Instructions to follow ->
In the listing below, the answer starts at the line that has "to Green, White" and stops after the line that has "Nominations Mai 2026"; please repeat that part exactly and nothing more.

Data for this task ->
★ ★ ★ ★

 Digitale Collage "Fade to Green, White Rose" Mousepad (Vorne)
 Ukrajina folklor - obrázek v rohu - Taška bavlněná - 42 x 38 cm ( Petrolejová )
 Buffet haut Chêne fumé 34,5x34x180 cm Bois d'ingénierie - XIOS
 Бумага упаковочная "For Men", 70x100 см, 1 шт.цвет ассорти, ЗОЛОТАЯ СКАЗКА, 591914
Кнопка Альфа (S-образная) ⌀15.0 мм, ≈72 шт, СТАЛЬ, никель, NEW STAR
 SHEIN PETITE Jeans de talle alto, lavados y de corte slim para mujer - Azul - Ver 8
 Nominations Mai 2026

★ ★ ★ ★

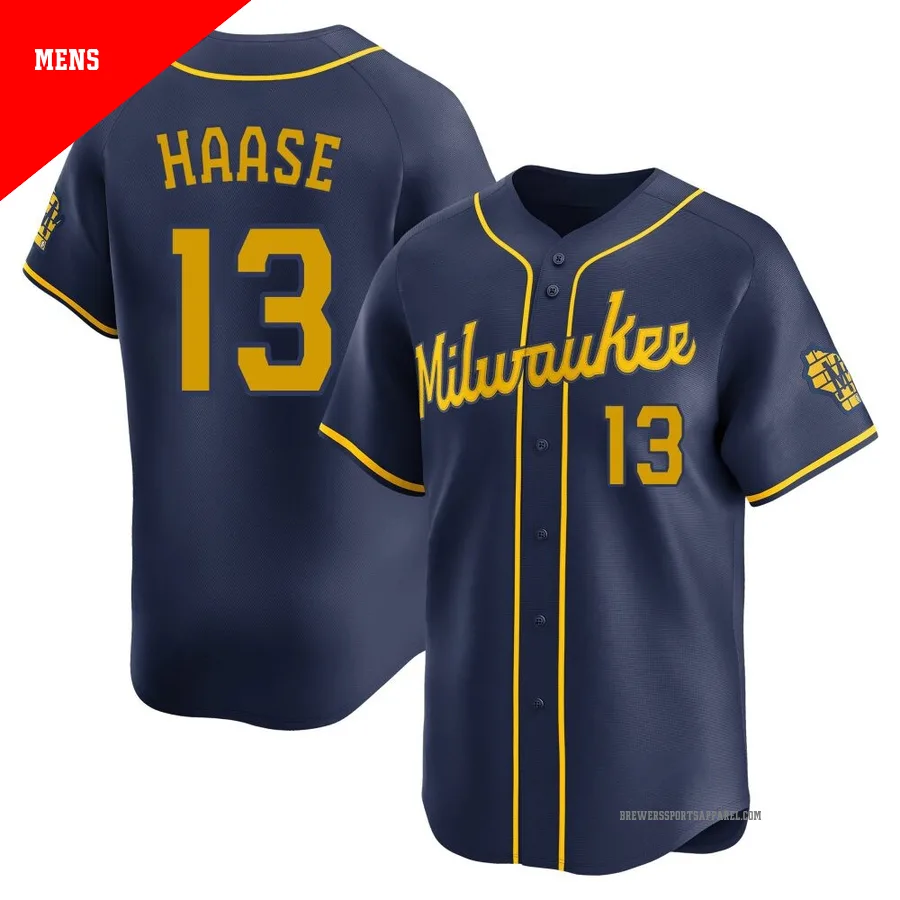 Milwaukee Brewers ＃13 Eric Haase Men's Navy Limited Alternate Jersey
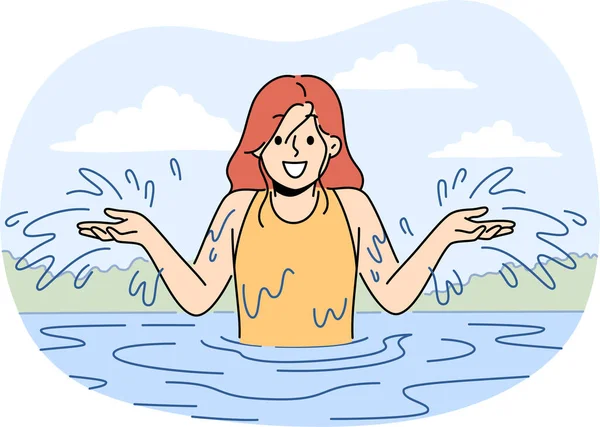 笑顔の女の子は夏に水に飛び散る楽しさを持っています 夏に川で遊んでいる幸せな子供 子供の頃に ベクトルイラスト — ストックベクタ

★ ★ ★ ★

Written answer ->
 Digitale Collage "Fade to Green, White Rose" Mousepad (Vorne)
 Ukrajina folklor - obrázek v rohu - Taška bavlněná - 42 x 38 cm ( Petrolejová )
 Buffet haut Chêne fumé 34,5x34x180 cm Bois d'ingénierie - XIOS
 Бумага упаковочная "For Men", 70x100 см, 1 шт.цвет ассорти, ЗОЛОТАЯ СКАЗКА, 591914
Кнопка Альфа (S-образная) ⌀15.0 мм, ≈72 шт, СТАЛЬ, никель, NEW STAR
 SHEIN PETITE Jeans de talle alto, lavados y de corte slim para mujer - Azul - Ver 8
 Nominations Mai 2026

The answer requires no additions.